To theoretical economists, the current turmoil in global financial markets is a battle between Keynesians and Austrians. Yet, I would prefer to go back in time to an older insight. This is Jean-Baptiste Say’s “Law of Markets", which dates back to the early 19th century, long before either Keynes or any Austrian appeared on the scene. J-B Say was known as the Adam Smith of France. An understanding of his important law is essential in these turbulent times.

In a nutshell, Say’s law holds that the sale of X gives rise to the demand for all non-X. Thus, the Law of Markets makes a clear distinction between those who compete and those who do not. So, while the sale of X hurts those who compete with X, the same sale helps those who do not. For example, if I sell my bhel-puri, I have the means to demand everything else in the market— jeans, shoes, books, CDs...—everything except bhel-puri, which I obviously will not demand.

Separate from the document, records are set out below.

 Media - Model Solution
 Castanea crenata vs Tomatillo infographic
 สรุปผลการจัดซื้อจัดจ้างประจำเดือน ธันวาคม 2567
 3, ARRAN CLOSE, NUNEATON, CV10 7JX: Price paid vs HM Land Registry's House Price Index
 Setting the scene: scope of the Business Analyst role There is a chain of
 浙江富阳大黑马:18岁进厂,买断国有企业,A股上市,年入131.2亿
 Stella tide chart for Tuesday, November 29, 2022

This Law of Markets was a pillar of classical liberalism. In the 19th century, in England, France or the US, you were not considered a political economist if you did not understand this law and its various serious implications. And it is precisely this law that the Keynesians mistaught as “supply creates its own demand". But the supply of plasma TVs does not constitute the demand for plasma TVs! The very thought is nonsensical. Yet, a leading Keynesian, Prof. Joan Robinson, is on record saying that her mission in life was to disprove Say’s law. She taught Manmohan Singh.

Illustration: Jayachandran / Mint

Not only does Say’s law indicate that consumer demand is paramount, it has important implications for free international trade. We now see that when a Sony plasma TV or a Honda City sell, all our markets hum with catallactic energy. The seller of real estate gains. The bhel-puriwallah gains. Everyone gains when the energy in the market rises to fever pitch. The critical understanding that Say’s law can deliver for Indian industry is that they all stand to gain when foreign goods that do not directly compete with their products sell in our markets. So, more Kingfisher beer is likely to be sold if French cheeses sell in India. In those bleak days of protectionism and autarky, nothing sold. A Bajaj scooter came with a 10-year wait list. Amul Cheese was advertised as “The Taste of India". There was no catallactic energy in our domestic markets. And Indian industry lost.

Let us now turn to what light Say’s law has to shine on the current housing bust in the US. I have taken a small liberty by representing the law as “the sale of X gives rise to the demand for all non-X". The actual law goes deeper. What it really says is that “the production of X gives rise to the demand for all non-X". The classical liberal understanding of markets was that anything produced is destined to be sold. If goods and labour are lying unsold, then prices must be lowered until markets clear. And this was the precise point: Markets Always Clear.

A classical liberal would, therefore, advise the US to allow housing prices to fall until all unsold stocks are sold. Note that the US government is doing the very opposite. By inflating the economy to the tune of $700 billion, it is attempting to keep up housing prices. It is preventing losses from being booked. It is, therefore, postponing the inevitable bust. And it is risking hyper-inflation during a recessionary stagflation. You cannot get it more wrong than this.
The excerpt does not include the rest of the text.